### DATA FOR REVIEW

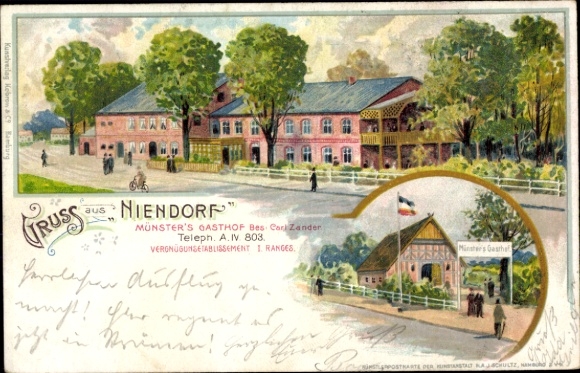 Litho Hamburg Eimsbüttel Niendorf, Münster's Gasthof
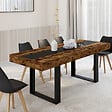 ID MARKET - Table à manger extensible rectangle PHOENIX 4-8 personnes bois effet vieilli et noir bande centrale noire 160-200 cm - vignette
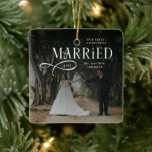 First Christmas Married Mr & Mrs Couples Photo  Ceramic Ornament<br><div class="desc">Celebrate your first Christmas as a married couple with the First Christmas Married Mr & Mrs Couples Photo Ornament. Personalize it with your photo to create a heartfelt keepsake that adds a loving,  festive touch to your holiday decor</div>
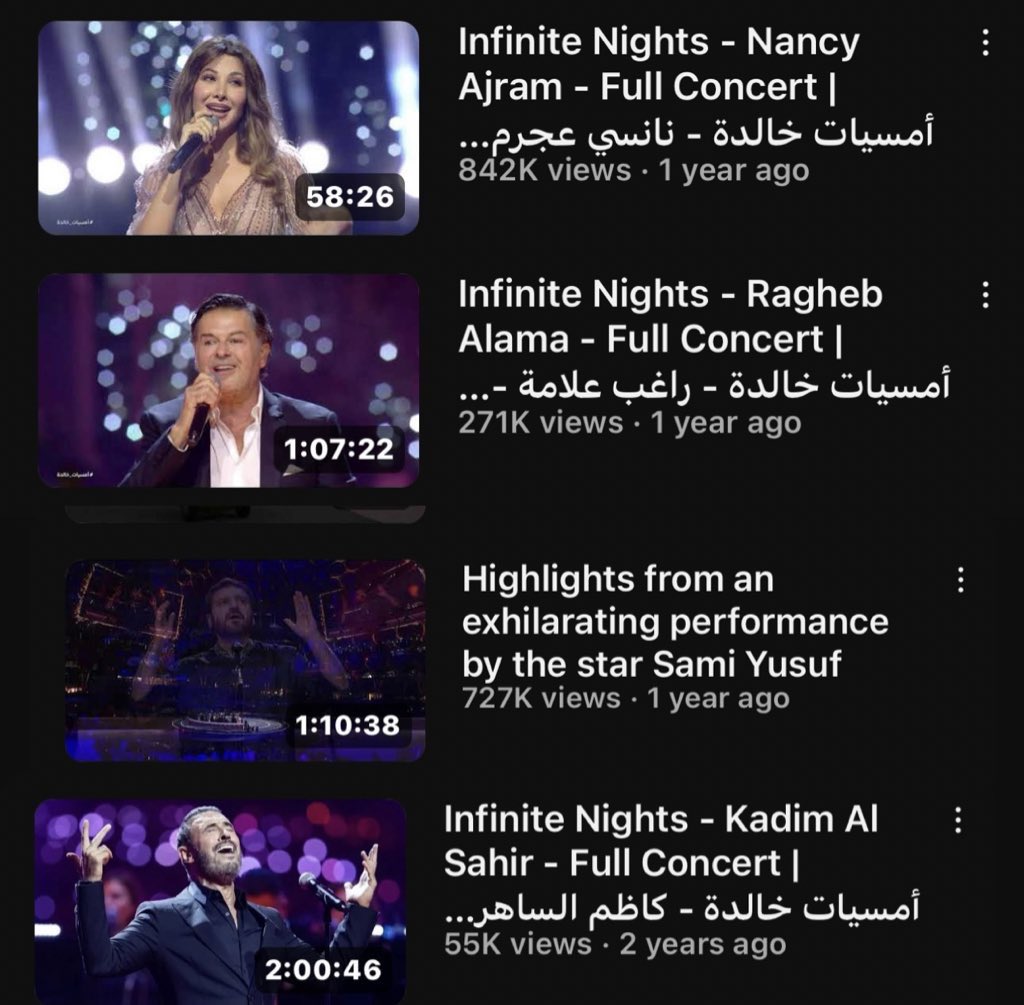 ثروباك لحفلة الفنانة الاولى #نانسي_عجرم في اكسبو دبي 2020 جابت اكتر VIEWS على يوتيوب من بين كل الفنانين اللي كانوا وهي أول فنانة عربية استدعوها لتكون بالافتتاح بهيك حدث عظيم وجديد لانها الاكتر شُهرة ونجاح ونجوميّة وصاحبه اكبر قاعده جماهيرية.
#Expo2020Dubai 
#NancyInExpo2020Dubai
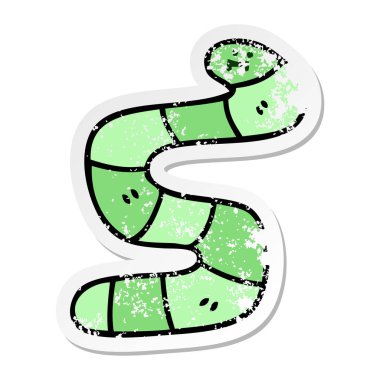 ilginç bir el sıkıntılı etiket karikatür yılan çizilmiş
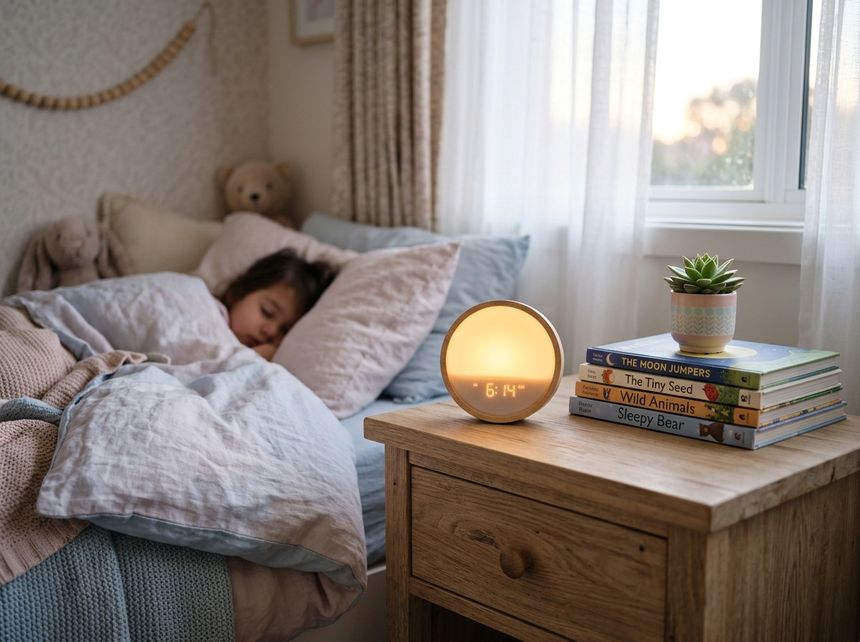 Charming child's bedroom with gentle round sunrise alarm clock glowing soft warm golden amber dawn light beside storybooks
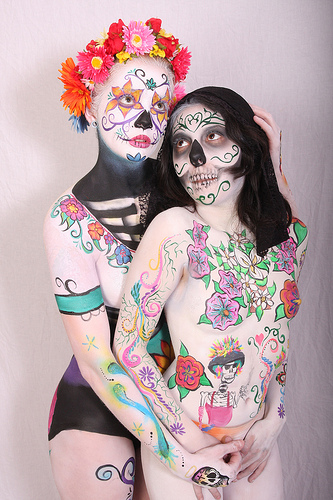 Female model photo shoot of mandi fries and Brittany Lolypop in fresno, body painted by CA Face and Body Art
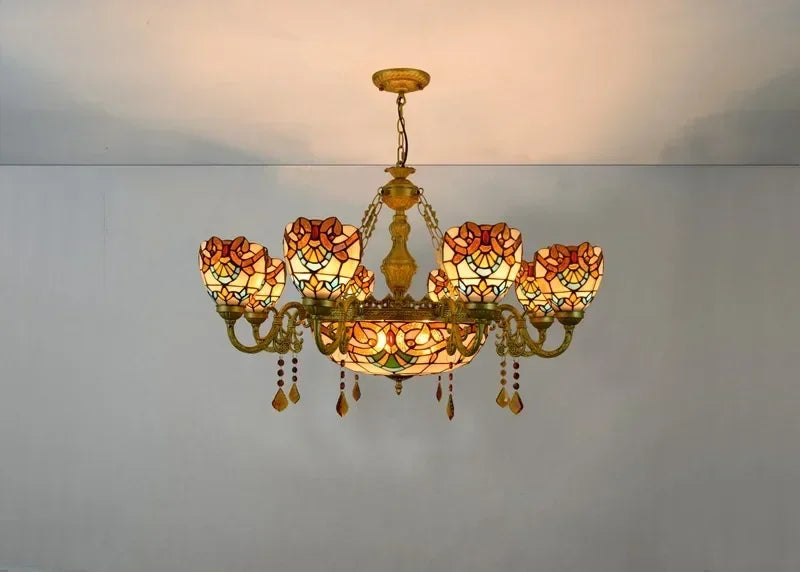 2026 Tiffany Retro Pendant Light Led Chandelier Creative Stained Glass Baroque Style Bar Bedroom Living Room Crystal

### TASK REQUIREMENTS
Output the data above exactly; pictures do not belong in the copy.

### ANSWER FOR THE TASK
 Litho Hamburg Eimsbüttel Niendorf, Münster's Gasthof
 ID MARKET - Table à manger extensible rectangle PHOENIX 4-8 personnes bois effet vieilli et noir bande centrale noire 160-200 cm - vignette
 First Christmas Married Mr & Mrs Couples Photo  Ceramic Ornament<br><div class="desc">Celebrate your first Christmas as a married couple with the First Christmas Married Mr & Mrs Couples Photo Ornament. Personalize it with your photo to create a heartfelt keepsake that adds a loving,  festive touch to your holiday decor</div>
 ثروباك لحفلة الفنانة الاولى #نانسي_عجرم في اكسبو دبي 2020 جابت اكتر VIEWS على يوتيوب من بين كل الفنانين اللي كانوا وهي أول فنانة عربية استدعوها لتكون بالافتتاح بهيك حدث عظيم وجديد لانها الاكتر شُهرة ونجاح ونجوميّة وصاحبه اكبر قاعده جماهيرية.
#Expo2020Dubai 
#NancyInExpo2020Dubai
 ilginç bir el sıkıntılı etiket karikatür yılan çizilmiş
 Charming child's bedroom with gentle round sunrise alarm clock glowing soft warm golden amber dawn light beside storybooks
 Female model photo shoot of mandi fries and Brittany Lolypop in fresno, body painted by CA Face and Body Art
 2026 Tiffany Retro Pendant Light Led Chandelier Creative Stained Glass Baroque Style Bar Bedroom Living Room Crystal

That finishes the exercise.